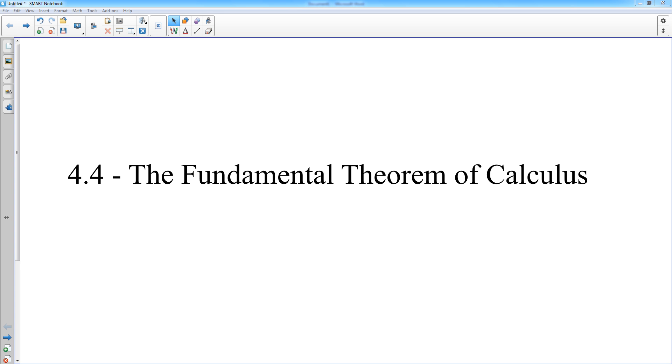We're going to look at a couple of different types of fundamental theorem problems. This is more like what you will see on the AP exam.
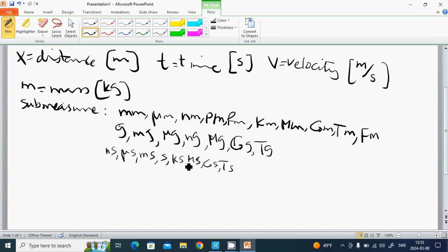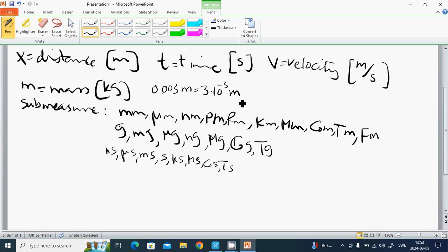It is all about units and we are going to use them. We are going to show millimetre — for example, if we have 0.003 meter, we are going to show it as 3 multiplied by 10 to the power of minus 3 meter, and it is 3 millimetre. In physics we show things by powers: 10 to the minus 6, minus 9, minus 12, minus 15, or 10 to the power of 3, 6, 9, 12, 15, and so on.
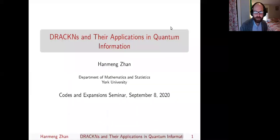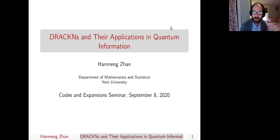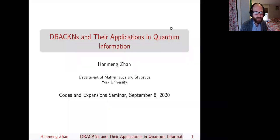Hello and welcome to Codex. Today's speaker is Harmony John from York University. Dr. John finished her PhD in 2018 at the University of Waterloo under the supervision of Chris Godsell. After that, she was a postdoctoral fellow at the University of Montreal. She is now a York Science Fellow at York University. Dr. John studies algebraic graph theory and its applications for equiangular lines and quantum walks. Her 2016 paper, 'Equiangular Lines and Covers of the Complete Graph,' elucidated the use of Drakens for constructing equiangular tight frames and sparked great interest in further applications of graph coverings for projective packings. We are very glad to have her here today. Please take it away, Harmony.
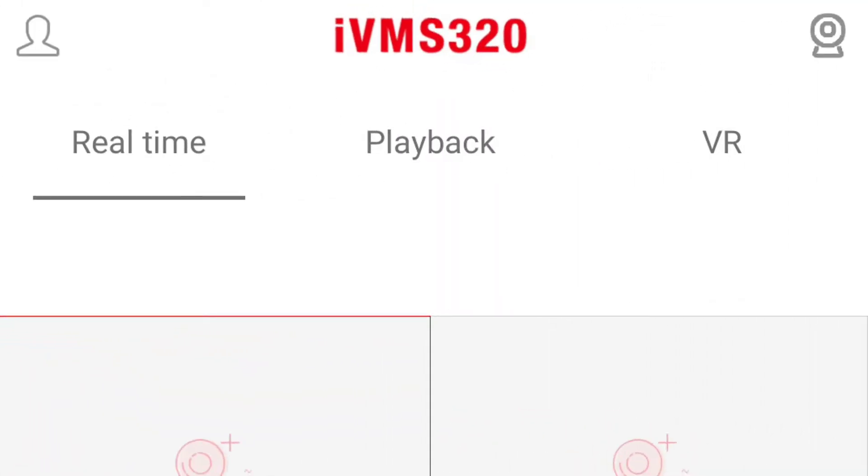Shield Technology. In this video we will show you how to add your device on IVMS 320. This video was recorded using the Android version of the app. Be aware that the process may be slightly different on Apple iOS devices.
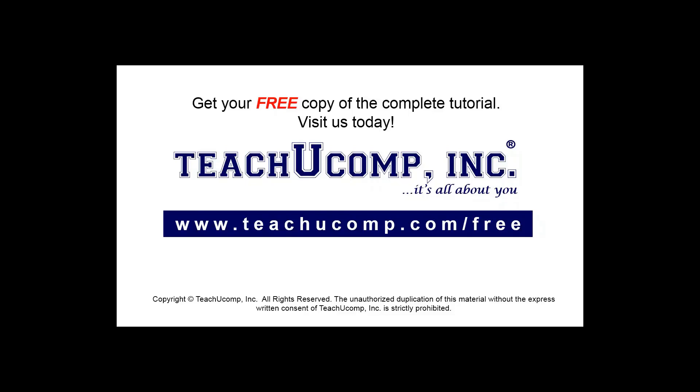Get your free copy of the complete tutorial at www.teachucomp.com/free.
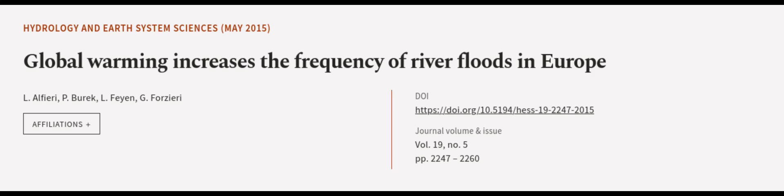This article was authored by L. Alfieri, P. Burek, L. Fayin, and others. Wearearticle.tv, links in the description below.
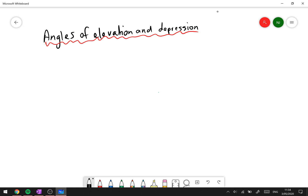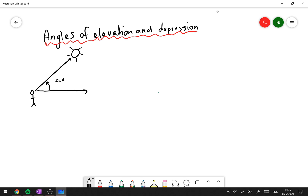We'll start off with the angle of elevation. Let's say here's you standing down on the ground and there's the sun up in the sky. Basically, what the angle of elevation says is if you were to look along the horizontal, how much do you need to tilt your head up to look at the sun. That angle from the horizontal up to the sun is the angle of elevation, because you're essentially elevating your eyesight to view the sun in the sky.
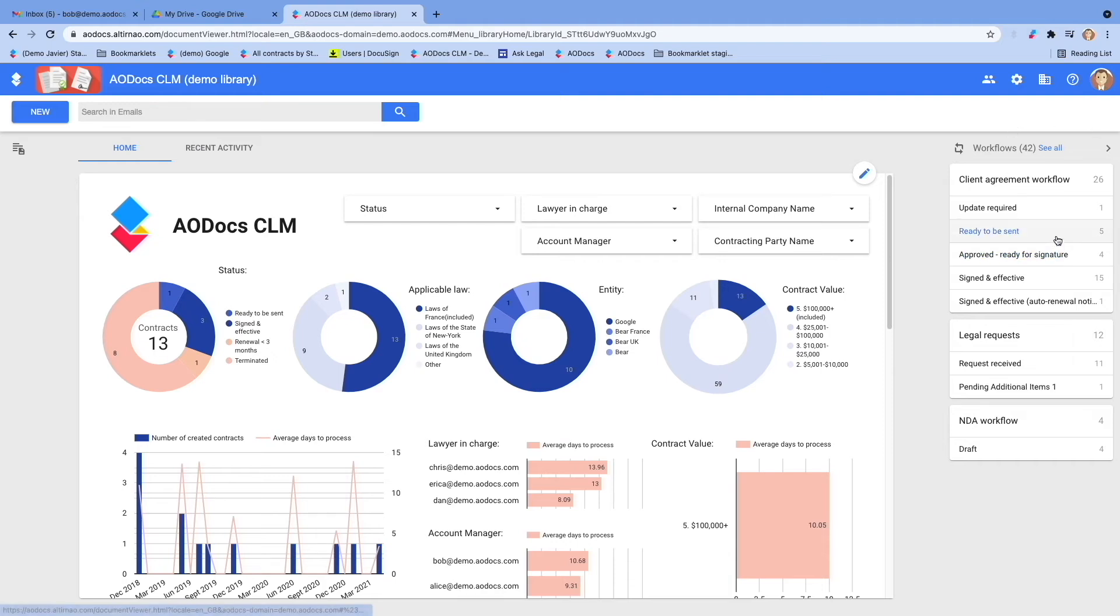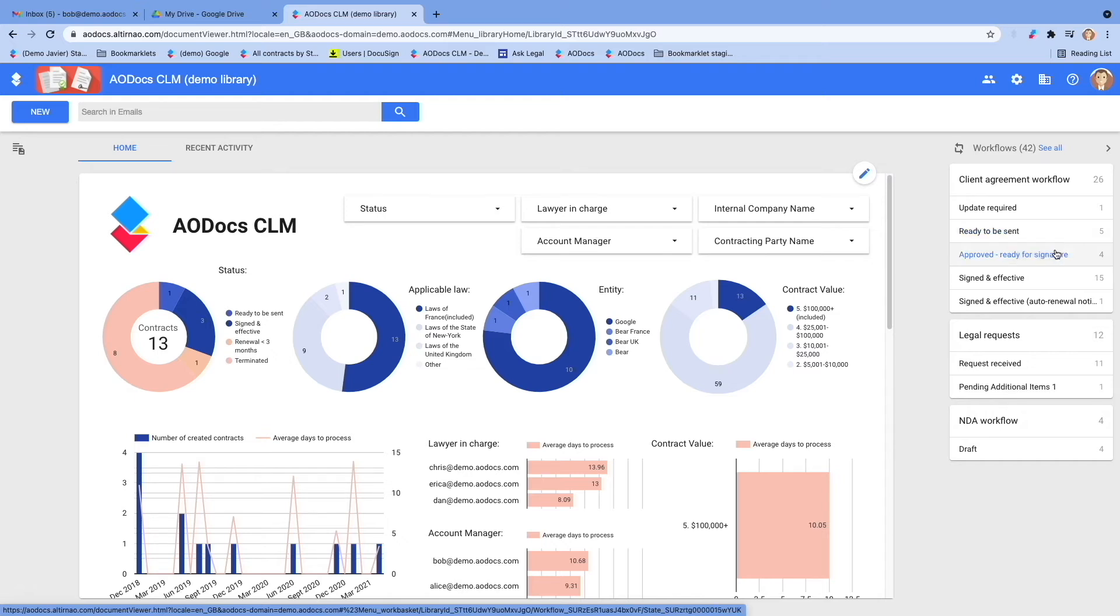On the right, you have a workflow panel that is specific to each user connected. It shows all the tasks that he or she has to do.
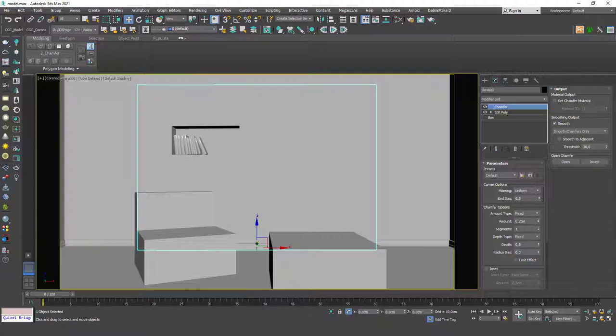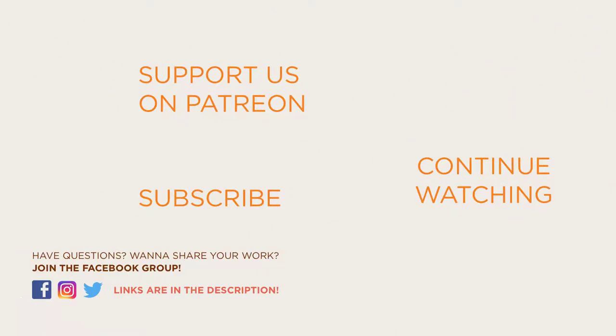I guess this was useful — we are done with the books and we'll go through different things in the later lessons. Thanks for listening. If you found it useful, please hit the like button, subscribe, and hit the notification bell. See you in the next lesson.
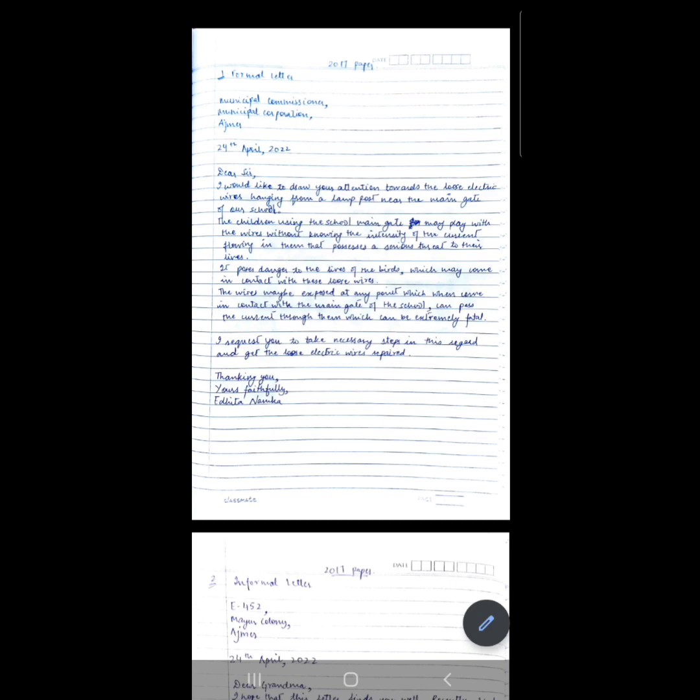As requested, I am back with the format of formal letter, informal letter, and notice in email with proper spacing and with examples from past year papers. I have taken the formal and informal letter topics from the 2017 English language paper of ICSE class 10th.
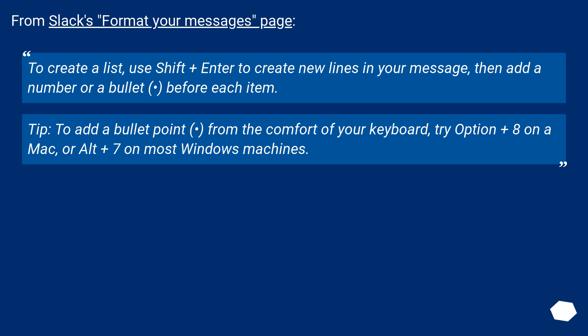From Slack's format your messages page: To create a list, use Shift plus Enter to create new lines in your message, then add a number or a bullet before each item.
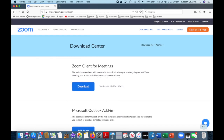Either way, you should now be on the Download Center screen. Under the Zoom Client for Meetings, press the Download button.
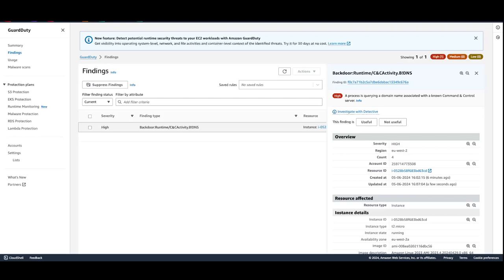We can choose the EC2 instance finding to know more details. We can find all the information associated with the findings and examine the resources in question to determine if it is behaving in an expected manner. If the activity is authorized, we could use suppression rules or trusted IP lists to prevent false positive notifications for that resource. You can integrate GuardDuty EC2 runtime monitoring with other AWS services, such as AWS Security Hub or Amazon Detective, and you can use Amazon EventBridge allowing you to use integrations with security event management or workflow systems such as Splunk, Jira, ServiceNow, or trigger automated and semi-automated responses such as isolating the workload for investigation.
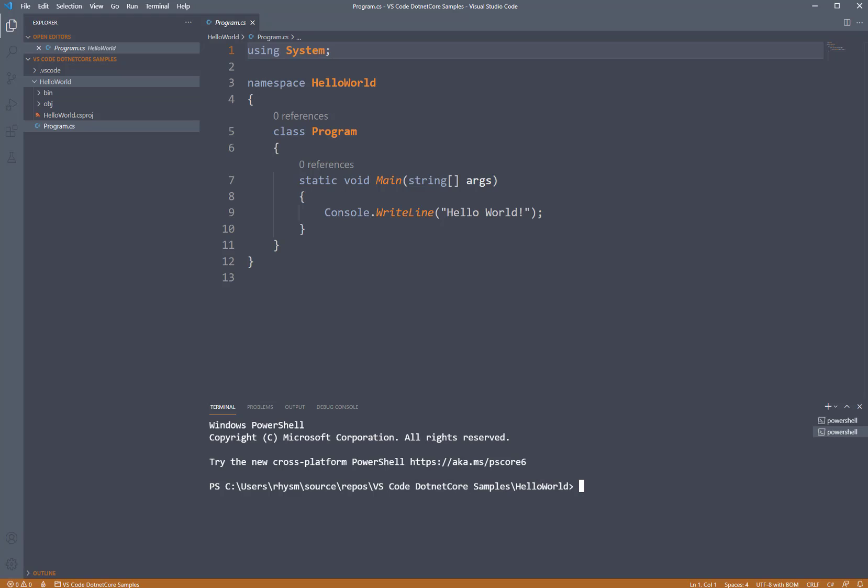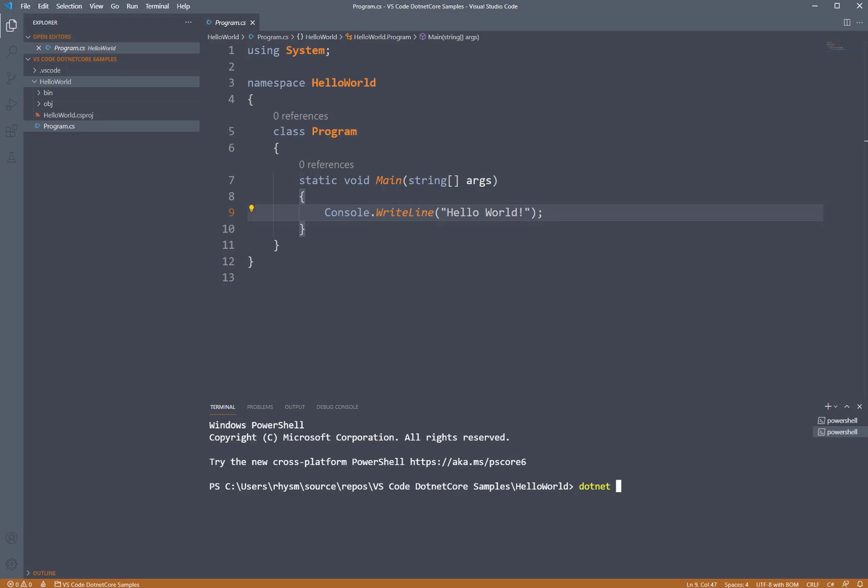In order to run our application, which is just going to print out the statement Hello World, in the terminal window I type dotnet. Almost always our commands are going to start with dotnet. That's yellow because that's a keyword the system recognizes. And then we type run.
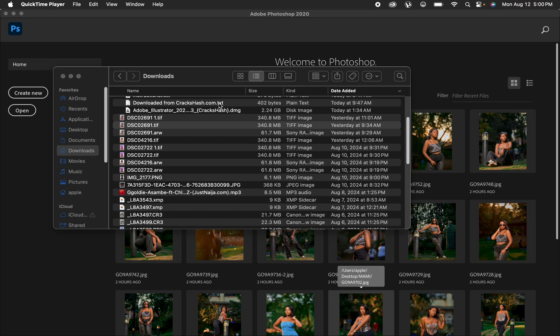Hello, what's up YouTube? I'm Photographer. In this tutorial, I will be showing you how you can easily edit a photo in Photoshop from the very start to the very end. Simply like this video and don't forget to subscribe if you're watching and you're not yet subscribed to this channel.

### [WHAT TO PRODUCE]
Working from the entries above, please transcribe only the lines from the line with "Get your free" through the line with "On the right, you", exactly, with both end lines and without pictures.

### [EXERCISE SOLUTION]
Get your free copy of the complete tutorial at www.teachucomp.com/free.
This article was authored by L. Alfieri, P. Burek, L. Fayin, and others. Wearearticle.tv, links in the description below.
We'll start off with the angle of elevation. Let's say here's you standing down on the ground and there's the sun up in the sky. Basically, what the angle of elevation says is if you were to look along the horizontal, how much do you need to tilt your head up to look at the sun. That angle from the horizontal up to the sun is the angle of elevation, because you're essentially elevating your eyesight to view the sun in the sky.
On the right, you have a workflow panel that is specific to each user connected. It shows all the tasks that he or she has to do.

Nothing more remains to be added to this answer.